Yeah I read it.  It's an inappropriate topic and you could argue a pointless thread.  The OP is asking a yes or no question.  Or fishing for leads.


----------



## Spymaster (Sep 25, 2009)

Upchuck said:


> I think the OP is unacceptable.  I think it's wrong and I am uncomfortable seeing this topic being discussed on the forum.  The OP can find this info on google, he doesn't need to subject it to a discussion.  I think he was wrong to post it and am saying so.  There is nothing glamarous about rape and really what kind of person goes 'hey mate what films have rape scenes in them?'



Are you taking the piss or are you the biggest fuckwit on the internet?

Anyway, I'm reporting your posts.


----------



## madzone (Sep 25, 2009)

Upchuck said:


> Well he should have kept it to himself rather than posting it here.


 Says you


----------



## killer b (Sep 25, 2009)

Upchuck said:


> Yeah I read it.  It's an inappropriate topic and you could argue a pointless thread.  The OP is asking a yes or no question.  Or fishing for leads.


really? i think it's a fairly interesting topic of discussion. how is it inapropriate?

if you find a subject uncomfortable, you could always ignore the thread y'know. or just walk out of the room until it's over.


----------



## madzone (Sep 25, 2009)

Spymaster said:


> Are you taking the piss or are you the biggest fuckwit on the internet?
> 
> Anyway, I'm reporting your posts.


I bet you're also the type of reprobate who eats in the lift


----------



## madzone (Sep 25, 2009)

killer b said:


> really? i think it's a fairly interesting topic of discussion. how is it inapropriate?
> 
> if you find a subject uncomfortable, you could always ignore the thread y'know. or just walk out of the room until it's over.


 Have you not read any of chucky's posts before?

I love her


----------



## goldenecitrone (Sep 25, 2009)

I remember watching the Mike Leigh film Naked with a group of people, one of whom had been raped and had to leave the room during the scene.
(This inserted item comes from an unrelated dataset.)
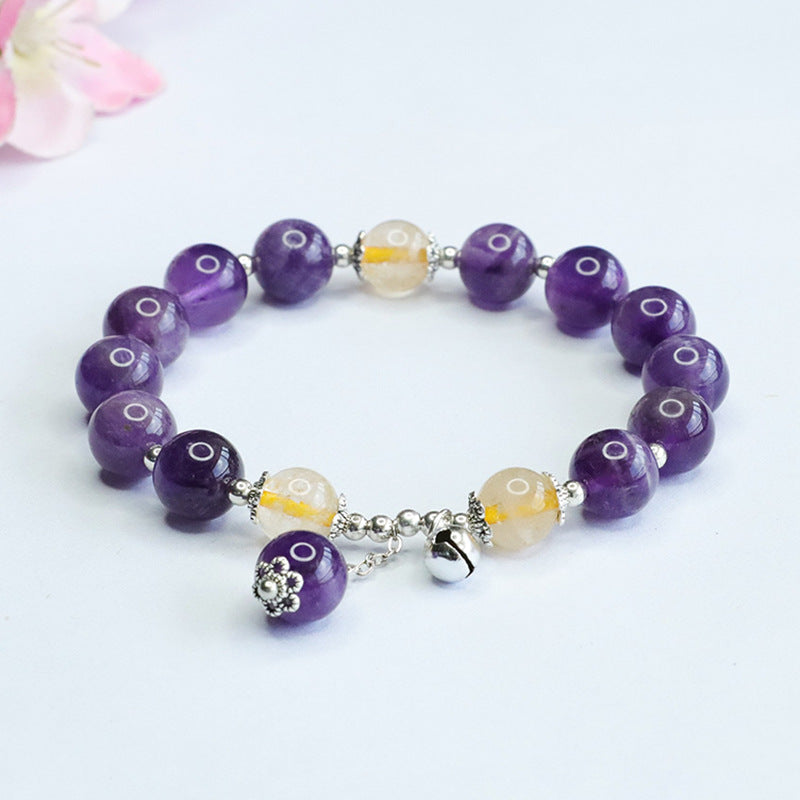 Natural Amethyst Bell Bracelet Blonde Crystal Bracelet Colorful Treasure CB3071802 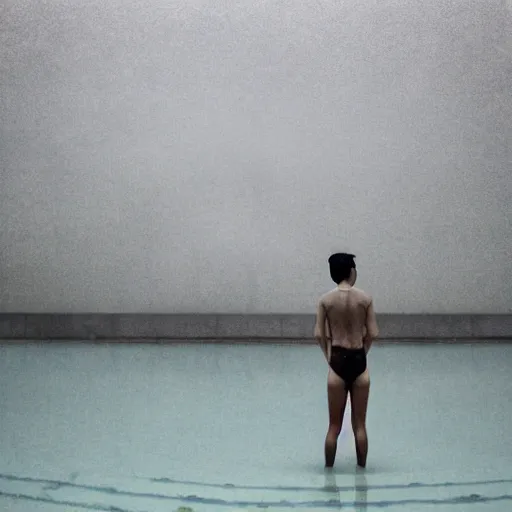 Image similar to empty swimming pool, dark, moody, foggy, liminal, made by Sean Yoro, Zhang Kechun and Chie Yoshii, washed colors, high details, realistic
That was quite disturbing. On the other hand, the rape scene in Bad Boy Bubby, when Bubby is raped in prison to the sound of bagpipe music was strangely beautiful.


----------



## Nanker Phelge (Sep 25, 2009)

Structaural said:


> When Noodles rapes Deborah in Once Upon a Time in America was one of the worst for me. They make me angry but I guess that's the point. I'll be happy if I never see Last Exit again.



Both Leone and DeNiro took a lot of flak for that.

Two nasty rape scenes in that film


----------



## Upchuck (Sep 25, 2009)

Spymaster said:


> Are you taking the piss or are you the biggest fuckwit on the internet?
> 
> Anyway, I'm reporting your posts.



Go ahead.  Your posted a thread that could provoke a strong repsonse.  You got one.


----------



## DotCommunist (Sep 25, 2009)

Upchuck, you wouldn't pass a voight-kampff imo.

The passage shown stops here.